UserlandFS exposes three different APIs to filesystem add-ons: one compatible with the Haiku kernel, one compatible with the BeOS one, and one compatible with FUSE.

The communication between the kernel and userlandfs_server is identical no matter which filesystem API is being used. The only differences are in the server itself, which will create an instance of the correct subclass of Volume and forward the requests to it.

The FUSE API

FUSE is a similar tool to UserlandFS. It was initially designed for Linux, but, because there are many filesystems written for it, it was later ported to MacOS and FreeBSD. The FUSE project in itself defines a network-like communication protocol between the kernel and the filesystem, however, this is not what is implemented in UserlandFS (which already has its own way to do this part). Instead, the provided API is compatible with libfuse (version 2.9.9, since most filesystems available for FUSE have not migrated to libfuse 3.x yet).

This means only filesystems using libfuse can easily be ported.

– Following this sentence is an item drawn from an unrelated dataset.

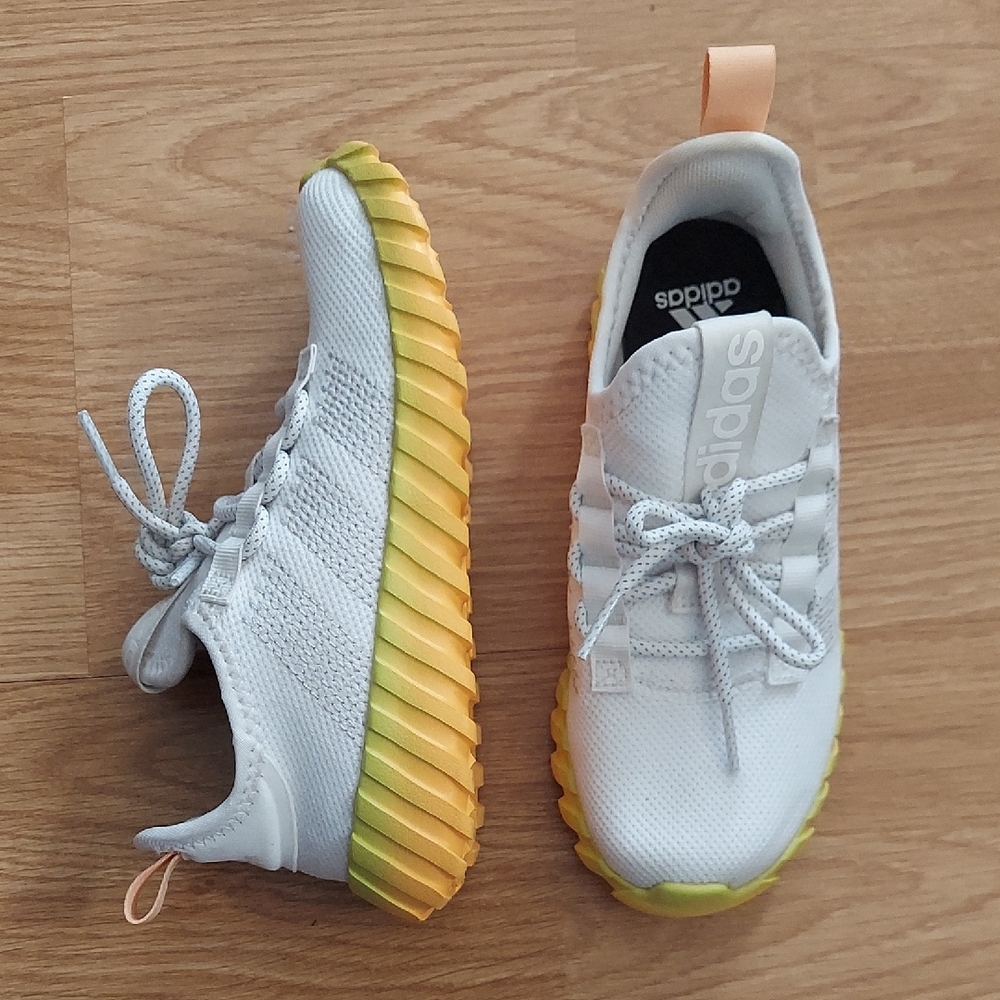 Adidas Kaptir Flow Sneaker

Those implementing the FUSE protocol in other ways (for example because they are not written in C or C++ and need a different library) will not be ported to Haiku as easily.

The libfuse API is actually two different APIs. One is called “fuse_operations”. It is a quite high level API, where all functions to access files receive a path to the file to operate on, and the functions are synchronous. The other API (called “low level”) is asynchronous and the files are identified by their inode number. Of course, the low level API allows to get better performance, because the kernel and userlandfs already work with inode numbers internally. With the high level API, the inode number has to be converted back to a filepath everytime a function is called.

Each FUSE filesystem uses one of these two APIs. UserlandFS implements both of them and will automatically detect which one to use.

Because of the Linux FUSE design, normally each filesystem is a standalone application, that directly establishes communication with the kernel. When built for UserlandFS, the filesystems are add-ons instead, so their main() function is called from userlandfs_server after loading the add-on.

We have found that this works reasonably well and it will be possible to run most filesystems without any changes to their sourcecode.

When they initialize, FUSE filesystems provide userlandfs with a struct containing function pointers for the various FUSE operations they implement. From this table, userlandfs_server detects which features are supported, and reports this back to the kernel. Then the kernel-side of userlandfs knows to not forward to userspace requests that wouldn’t be handled by the filesystem anyway.

FUSE filesystems also usually need some command line options (both custom ones, and standard ones forwarded to FUSE initialization options). In Haiku, these are passed as mount options which are forwarded to the filesystem add-on when starting it. The add-on main function will be called only when a filesystem of the corresponding type is being mounted.

Extensions to the FUSE API

The FUSE API is missing some things that are possible in Haiku native filesystems. Specifically, there is no possibility to implement the “get_fs_info” call, and in particular use it to set volume flags. This is especially annoying for networked filesystems, where it is important to mark the filesystem as “shared”.

Therefore, an extra FUSE “capability” has been added to mark support for this. Capabilities are the way FUSE negociates features between the kernel and the filesystem. The kernel tells the filesystem which capabilities are supported, and the filesystem tells the kernel which one it wants to use.

If the FUSE_CAP_HAIKU_FUSE_EXTENSIONS capability is enabled, userlandfs will query the filesystem info using the ioctl hook of the filesystem, with a command value FUSE_HAIKU_GET_DRIVE_INFO. It expects the filesystem to then fill the fs_info structure passed in the ioctl pointer.

Debugging userlandfs

Because a lot of the code is in userspace, you can simply start userlandfs_server in a terminal to get its output, or attach a Debugger to it. There is no timeout for userlandfs requests, so if you are debugging something in userlandfs_server, all calls to the filesystem mounted through it will simply block until the request thread is running again.